■ Task objective
Print exactly, and only, the lines from the one that has "Hertford Landscape —" through the end of the material below, with both ends included and the pictures omitted.

(Beginning of Dataset records)

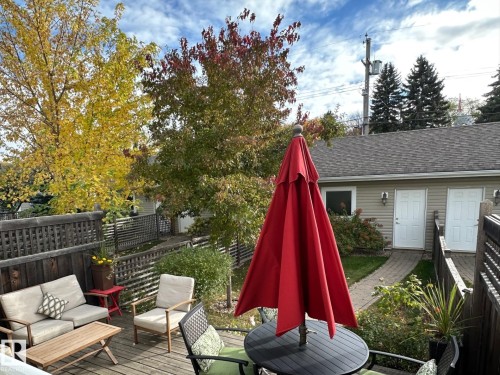 9555 73 Avenue, Edmonton, AB - Outdoor With Deck Patio Veranda
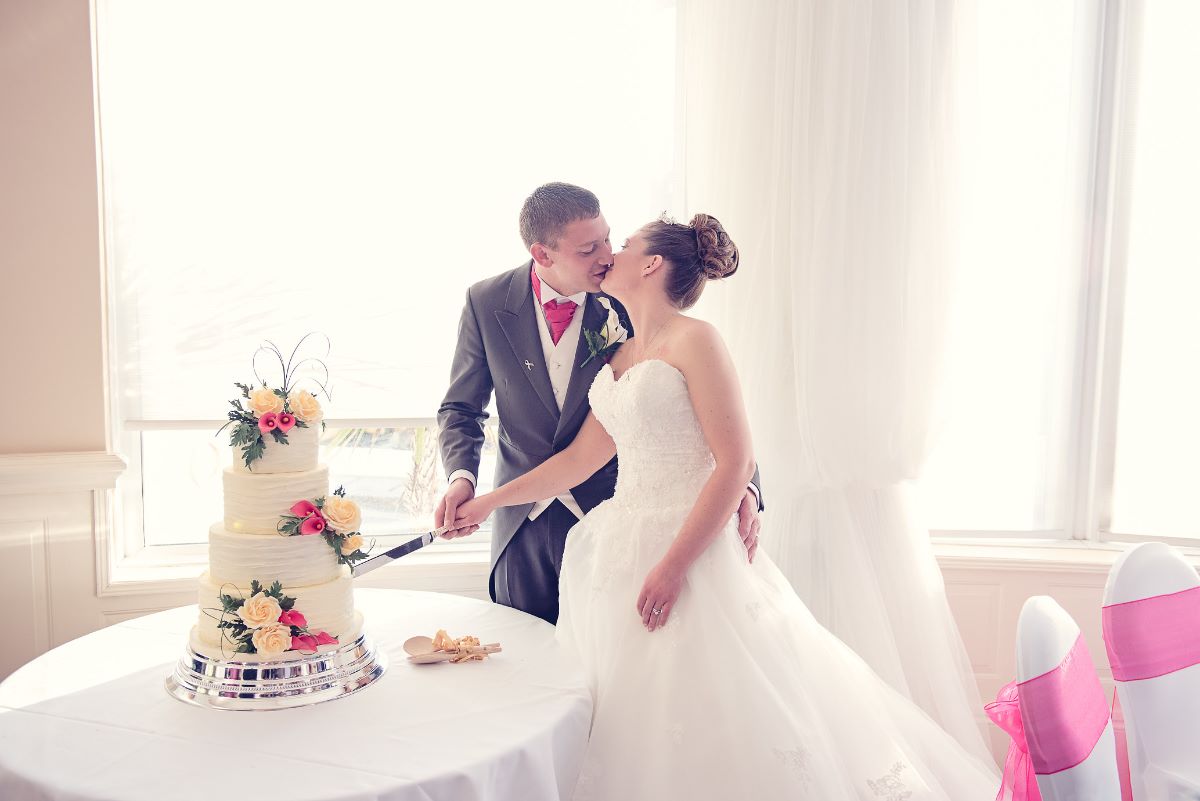 Real Wedding Image for Claire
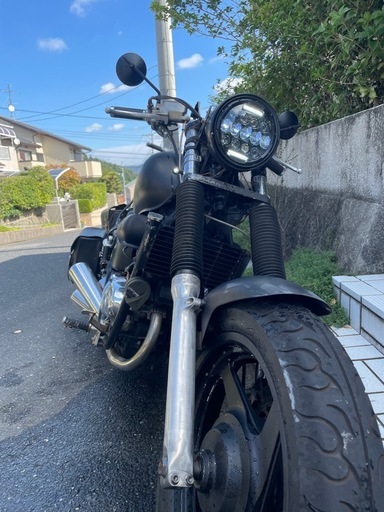 マグナ250 交換も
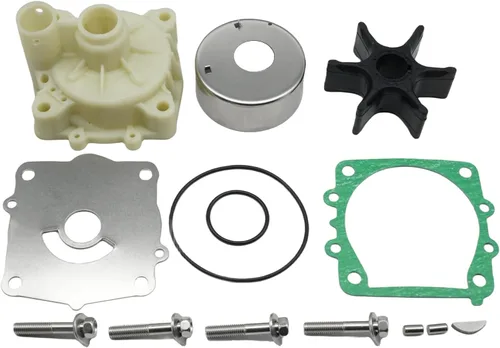 Vista 9 de 6N0-W0078 Kit de impulsor de bomba de agua para Yamaha fueraborda 2 tiempos de 6 8 HP 6G1-W0078-00-00 6G1-W0078-A1-00 Sierra 18-3460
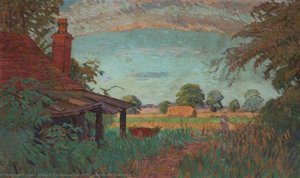 Hertford Landscape — William Whitehead Ratcliffe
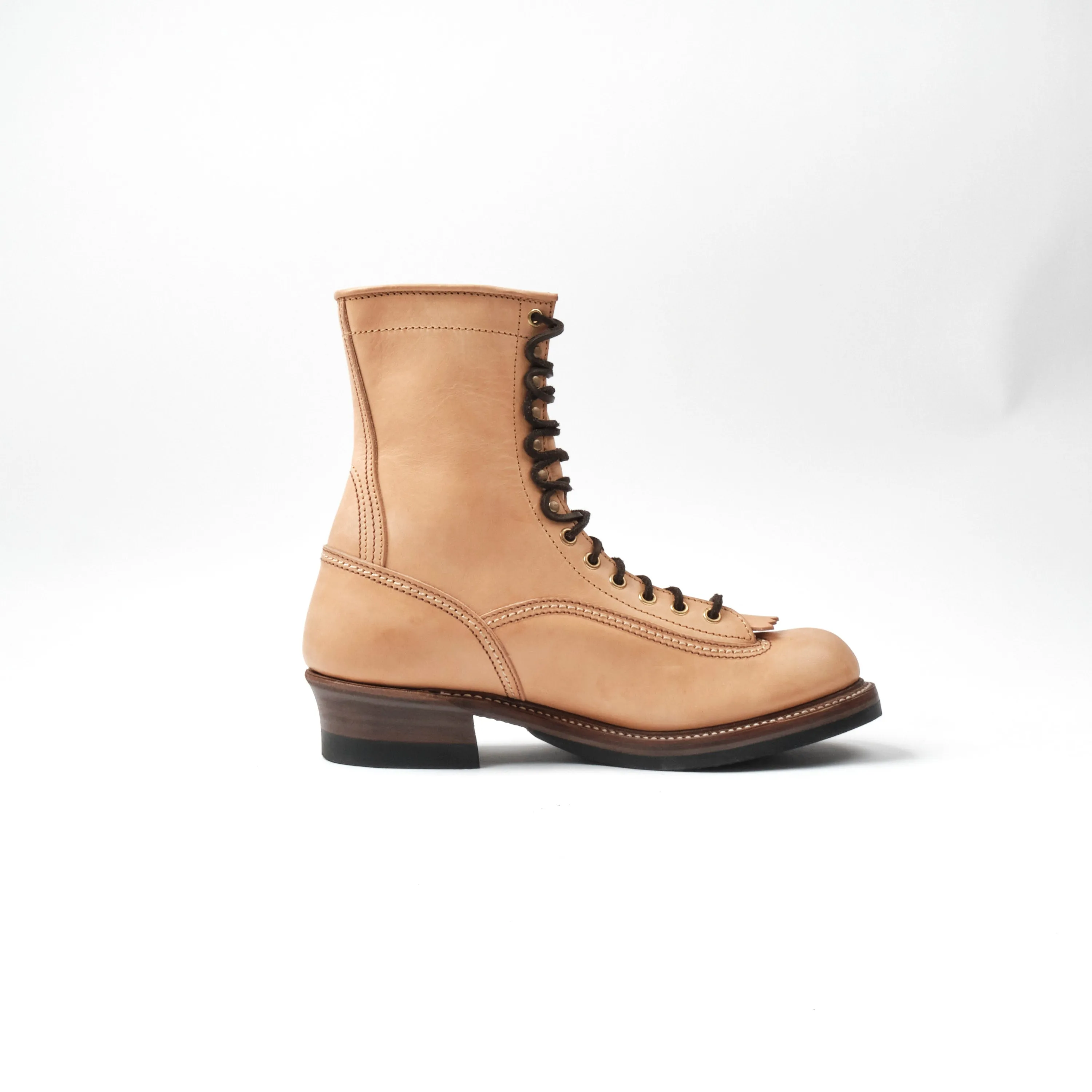 John Lofgren - Donkey Puncher - Badalassi Carlo Vegetable Tanned Bone Leather sold by Freenote Cloth product image thumbnail 5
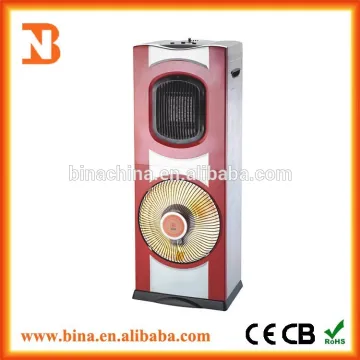 2015 parabolic electric ceramic PTC / halogen heater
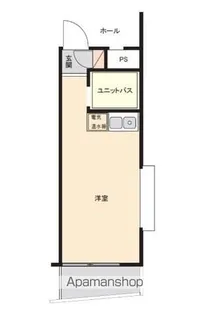 リフレ要町【4階】の間取り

(End of Dataset records)

■ Exercise answer
 Hertford Landscape — William Whitehead Ratcliffe
 John Lofgren - Donkey Puncher - Badalassi Carlo Vegetable Tanned Bone Leather sold by Freenote Cloth product image thumbnail 5
 2015 parabolic electric ceramic PTC / halogen heater
 リフレ要町【4階】の間取り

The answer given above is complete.